● Records for this task
========================

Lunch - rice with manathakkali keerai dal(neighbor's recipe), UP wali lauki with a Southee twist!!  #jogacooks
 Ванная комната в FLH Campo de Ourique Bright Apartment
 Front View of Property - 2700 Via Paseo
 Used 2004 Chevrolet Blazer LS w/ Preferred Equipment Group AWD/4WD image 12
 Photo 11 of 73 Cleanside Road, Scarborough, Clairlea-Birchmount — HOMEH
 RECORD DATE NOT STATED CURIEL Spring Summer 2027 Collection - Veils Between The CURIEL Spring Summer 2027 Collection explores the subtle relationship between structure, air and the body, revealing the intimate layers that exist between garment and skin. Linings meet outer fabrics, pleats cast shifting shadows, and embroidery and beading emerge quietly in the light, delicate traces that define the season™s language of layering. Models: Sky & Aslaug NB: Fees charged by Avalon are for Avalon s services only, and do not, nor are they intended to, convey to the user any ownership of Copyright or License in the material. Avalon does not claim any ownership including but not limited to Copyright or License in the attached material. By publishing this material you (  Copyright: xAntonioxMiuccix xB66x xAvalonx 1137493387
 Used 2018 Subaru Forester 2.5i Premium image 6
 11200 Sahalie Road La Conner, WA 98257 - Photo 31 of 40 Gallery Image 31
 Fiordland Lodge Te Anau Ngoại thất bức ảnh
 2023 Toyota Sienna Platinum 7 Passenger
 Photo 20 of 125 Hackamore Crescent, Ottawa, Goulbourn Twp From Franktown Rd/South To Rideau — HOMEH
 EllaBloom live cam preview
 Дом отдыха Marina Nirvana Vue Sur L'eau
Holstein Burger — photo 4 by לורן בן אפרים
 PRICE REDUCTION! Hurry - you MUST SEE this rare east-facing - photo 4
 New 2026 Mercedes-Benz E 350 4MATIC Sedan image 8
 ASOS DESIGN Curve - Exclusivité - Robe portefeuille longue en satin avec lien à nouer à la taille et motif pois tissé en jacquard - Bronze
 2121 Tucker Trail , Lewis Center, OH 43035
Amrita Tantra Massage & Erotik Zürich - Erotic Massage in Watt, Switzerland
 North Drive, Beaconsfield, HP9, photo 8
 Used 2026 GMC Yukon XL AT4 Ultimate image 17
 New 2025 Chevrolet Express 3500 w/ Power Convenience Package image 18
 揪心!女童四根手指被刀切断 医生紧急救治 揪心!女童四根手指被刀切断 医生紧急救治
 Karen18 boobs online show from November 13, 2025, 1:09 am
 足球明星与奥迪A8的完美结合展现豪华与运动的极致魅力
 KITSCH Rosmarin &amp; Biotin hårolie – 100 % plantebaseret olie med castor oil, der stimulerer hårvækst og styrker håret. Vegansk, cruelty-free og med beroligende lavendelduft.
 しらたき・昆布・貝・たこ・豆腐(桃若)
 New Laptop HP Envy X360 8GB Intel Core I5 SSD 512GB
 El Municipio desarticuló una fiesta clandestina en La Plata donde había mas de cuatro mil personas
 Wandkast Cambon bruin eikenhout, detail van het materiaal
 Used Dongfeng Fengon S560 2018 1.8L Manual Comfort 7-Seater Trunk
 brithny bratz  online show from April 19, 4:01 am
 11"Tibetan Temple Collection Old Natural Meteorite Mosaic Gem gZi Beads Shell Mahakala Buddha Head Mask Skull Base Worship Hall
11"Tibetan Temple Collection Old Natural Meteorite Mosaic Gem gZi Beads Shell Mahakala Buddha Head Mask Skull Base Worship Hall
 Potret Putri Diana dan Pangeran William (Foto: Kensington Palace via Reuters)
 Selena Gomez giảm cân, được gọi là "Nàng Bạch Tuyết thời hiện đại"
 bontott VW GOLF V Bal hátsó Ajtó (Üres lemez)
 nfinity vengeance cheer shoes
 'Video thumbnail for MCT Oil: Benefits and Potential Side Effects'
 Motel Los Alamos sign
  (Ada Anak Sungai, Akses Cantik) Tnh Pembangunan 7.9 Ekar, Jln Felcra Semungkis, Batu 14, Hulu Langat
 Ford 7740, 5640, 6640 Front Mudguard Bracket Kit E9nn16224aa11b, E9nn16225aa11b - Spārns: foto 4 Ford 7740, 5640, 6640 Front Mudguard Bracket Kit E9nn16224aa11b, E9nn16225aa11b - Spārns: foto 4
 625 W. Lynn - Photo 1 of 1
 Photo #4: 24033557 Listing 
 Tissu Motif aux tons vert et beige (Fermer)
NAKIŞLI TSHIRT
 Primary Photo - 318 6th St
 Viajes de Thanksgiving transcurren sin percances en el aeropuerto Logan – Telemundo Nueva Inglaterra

========================

● Activity
Where the line holding "Used 2004 Chevrolet" appears in the listing above, start reproducing exactly, and end with the line holding "Photo 11 of".

● Exercise output
 Used 2004 Chevrolet Blazer LS w/ Preferred Equipment Group AWD/4WD image 12
 Photo 11 of 73 Cleanside Road, Scarborough, Clairlea-Birchmount — HOMEH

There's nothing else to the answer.